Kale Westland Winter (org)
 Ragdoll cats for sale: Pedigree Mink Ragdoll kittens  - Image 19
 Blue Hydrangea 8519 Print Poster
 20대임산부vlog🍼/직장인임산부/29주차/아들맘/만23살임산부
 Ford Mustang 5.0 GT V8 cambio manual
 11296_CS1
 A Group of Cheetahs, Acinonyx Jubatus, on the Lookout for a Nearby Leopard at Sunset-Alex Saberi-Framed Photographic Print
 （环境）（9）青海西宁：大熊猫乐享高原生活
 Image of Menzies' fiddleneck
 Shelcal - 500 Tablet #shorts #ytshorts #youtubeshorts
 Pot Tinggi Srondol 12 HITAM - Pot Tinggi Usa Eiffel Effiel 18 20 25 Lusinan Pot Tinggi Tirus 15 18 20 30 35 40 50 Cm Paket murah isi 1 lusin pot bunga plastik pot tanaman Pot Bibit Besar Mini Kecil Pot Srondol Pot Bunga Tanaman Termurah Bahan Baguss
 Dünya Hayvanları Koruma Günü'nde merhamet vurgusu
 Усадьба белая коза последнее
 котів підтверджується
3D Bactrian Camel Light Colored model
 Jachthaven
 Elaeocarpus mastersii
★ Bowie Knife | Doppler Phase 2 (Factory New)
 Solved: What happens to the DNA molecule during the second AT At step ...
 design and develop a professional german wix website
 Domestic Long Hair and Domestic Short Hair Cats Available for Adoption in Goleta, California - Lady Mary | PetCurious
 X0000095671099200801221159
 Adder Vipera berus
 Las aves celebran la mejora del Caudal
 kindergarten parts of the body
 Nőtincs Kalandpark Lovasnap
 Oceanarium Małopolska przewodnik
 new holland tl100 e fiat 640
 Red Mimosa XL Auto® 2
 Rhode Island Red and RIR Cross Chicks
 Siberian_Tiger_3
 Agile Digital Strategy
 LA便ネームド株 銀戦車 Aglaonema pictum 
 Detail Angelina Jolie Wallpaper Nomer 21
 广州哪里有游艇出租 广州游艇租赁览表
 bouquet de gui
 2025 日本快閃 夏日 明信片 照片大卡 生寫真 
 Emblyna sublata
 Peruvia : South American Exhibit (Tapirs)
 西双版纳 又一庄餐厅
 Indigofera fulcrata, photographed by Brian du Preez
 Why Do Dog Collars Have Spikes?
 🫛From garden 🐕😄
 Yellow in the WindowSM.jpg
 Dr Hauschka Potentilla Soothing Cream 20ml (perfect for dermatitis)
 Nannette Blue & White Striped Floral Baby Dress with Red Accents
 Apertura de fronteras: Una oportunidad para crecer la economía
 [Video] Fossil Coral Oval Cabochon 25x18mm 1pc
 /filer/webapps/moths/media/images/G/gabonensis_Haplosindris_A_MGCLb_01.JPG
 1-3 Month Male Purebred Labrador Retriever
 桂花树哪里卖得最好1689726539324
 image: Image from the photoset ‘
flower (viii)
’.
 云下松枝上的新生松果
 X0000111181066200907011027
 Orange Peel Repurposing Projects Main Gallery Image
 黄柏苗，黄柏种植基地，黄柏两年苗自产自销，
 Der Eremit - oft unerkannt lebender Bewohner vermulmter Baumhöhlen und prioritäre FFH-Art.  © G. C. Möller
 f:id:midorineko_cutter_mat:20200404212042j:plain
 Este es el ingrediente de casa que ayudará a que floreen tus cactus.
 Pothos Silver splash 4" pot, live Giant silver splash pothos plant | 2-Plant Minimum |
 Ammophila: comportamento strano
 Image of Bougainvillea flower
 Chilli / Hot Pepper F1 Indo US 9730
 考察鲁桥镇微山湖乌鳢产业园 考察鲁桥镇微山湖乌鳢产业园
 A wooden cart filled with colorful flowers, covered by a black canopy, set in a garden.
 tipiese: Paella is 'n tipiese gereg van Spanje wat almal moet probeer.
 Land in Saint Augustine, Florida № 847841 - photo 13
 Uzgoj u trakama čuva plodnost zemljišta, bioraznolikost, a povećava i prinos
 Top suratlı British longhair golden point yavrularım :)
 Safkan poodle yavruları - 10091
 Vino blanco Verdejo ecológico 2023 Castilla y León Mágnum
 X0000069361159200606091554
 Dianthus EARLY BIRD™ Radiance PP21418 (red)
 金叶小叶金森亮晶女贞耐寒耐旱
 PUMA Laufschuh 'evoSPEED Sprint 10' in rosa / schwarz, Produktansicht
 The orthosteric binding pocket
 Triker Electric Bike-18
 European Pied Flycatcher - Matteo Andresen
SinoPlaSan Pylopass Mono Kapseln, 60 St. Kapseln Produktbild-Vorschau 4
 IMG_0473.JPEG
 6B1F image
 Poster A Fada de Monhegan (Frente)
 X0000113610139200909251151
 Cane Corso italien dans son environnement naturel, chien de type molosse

Action item –
Copy each line of the preceding material that contains "Blue".

Task answer –
 Blue Hydrangea 8519 Print Poster
 Nannette Blue & White Striped Floral Baby Dress with Red Accents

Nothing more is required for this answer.